───── MATERIAL FOR THIS EXERCISE

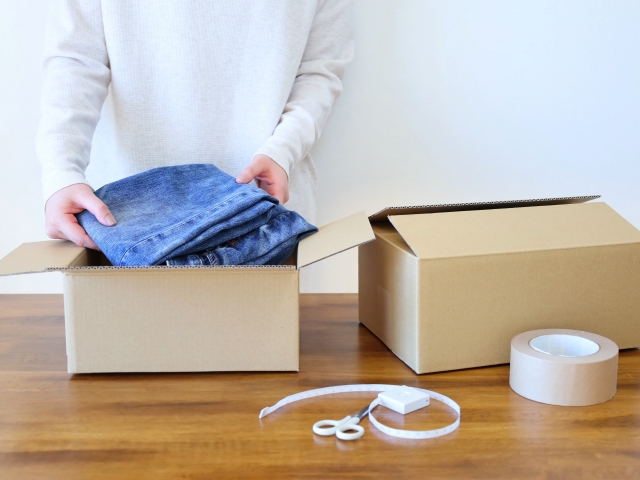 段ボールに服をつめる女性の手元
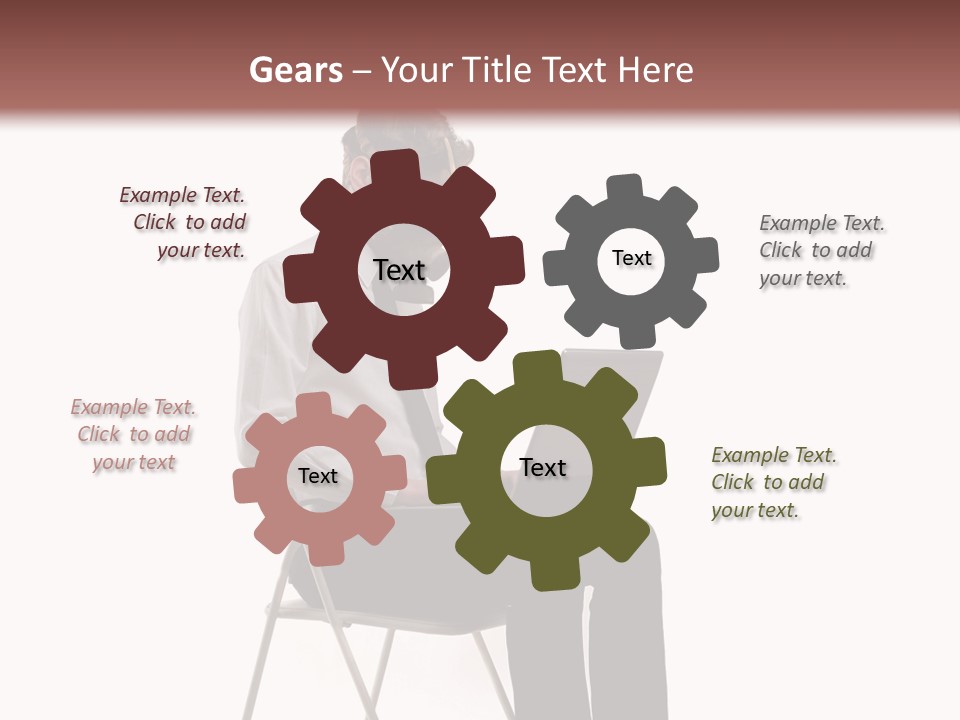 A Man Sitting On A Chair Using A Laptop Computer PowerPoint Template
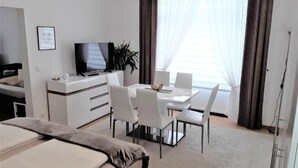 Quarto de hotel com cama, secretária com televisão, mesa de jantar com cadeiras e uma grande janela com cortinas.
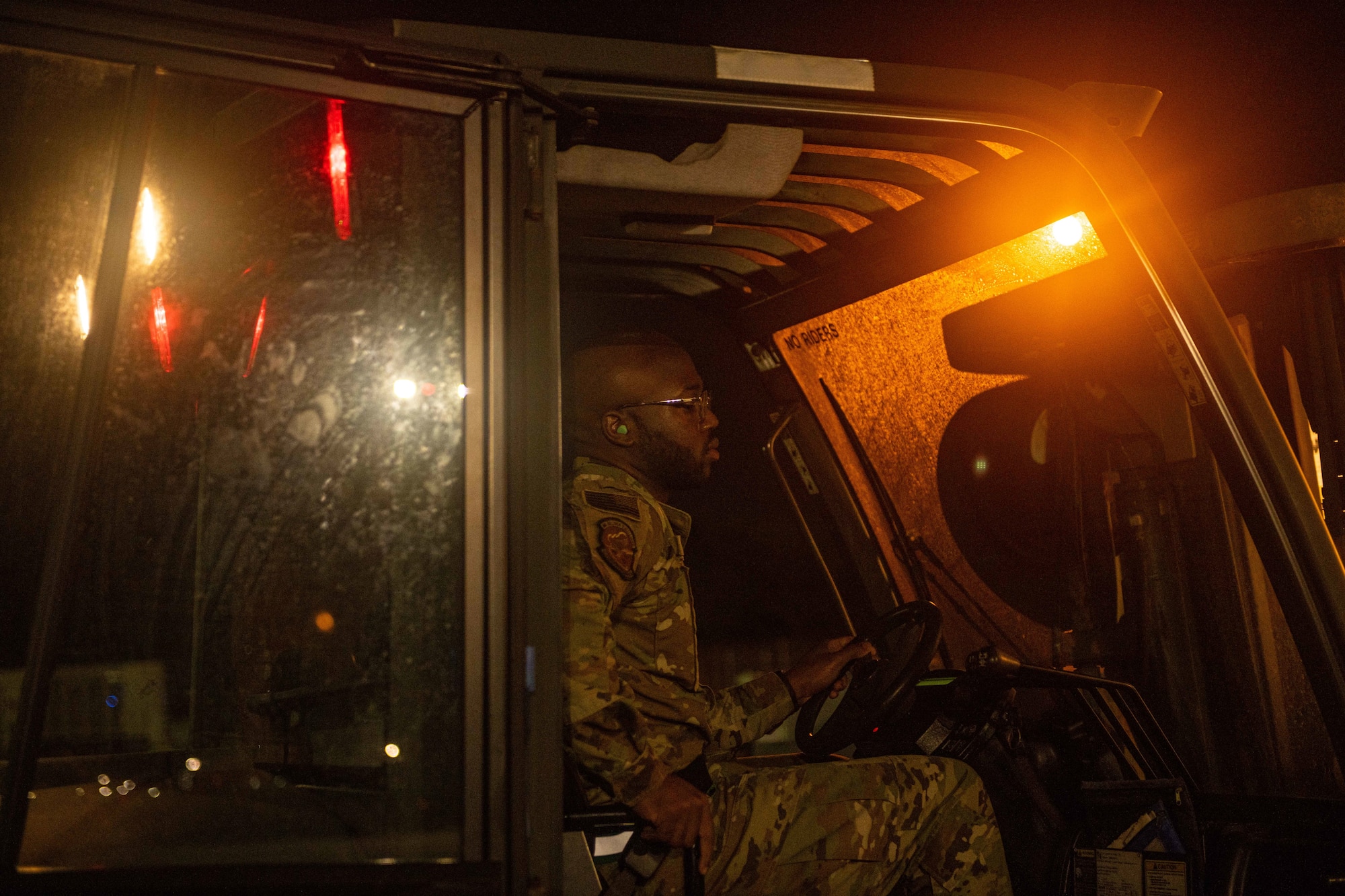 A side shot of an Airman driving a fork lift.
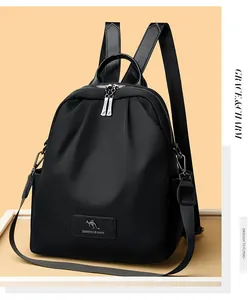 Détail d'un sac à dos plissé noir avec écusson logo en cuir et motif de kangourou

──────────

-- TASK TO CARRY OUT --
The records above should be output exactly, but without any of their pictures.

-- PROBLEM SOLUTION --
 段ボールに服をつめる女性の手元
 A Man Sitting On A Chair Using A Laptop Computer PowerPoint Template
 Quarto de hotel com cama, secretária com televisão, mesa de jantar com cadeiras e uma grande janela com cortinas.
 A side shot of an Airman driving a fork lift.
 Détail d'un sac à dos plissé noir avec écusson logo en cuir et motif de kangourou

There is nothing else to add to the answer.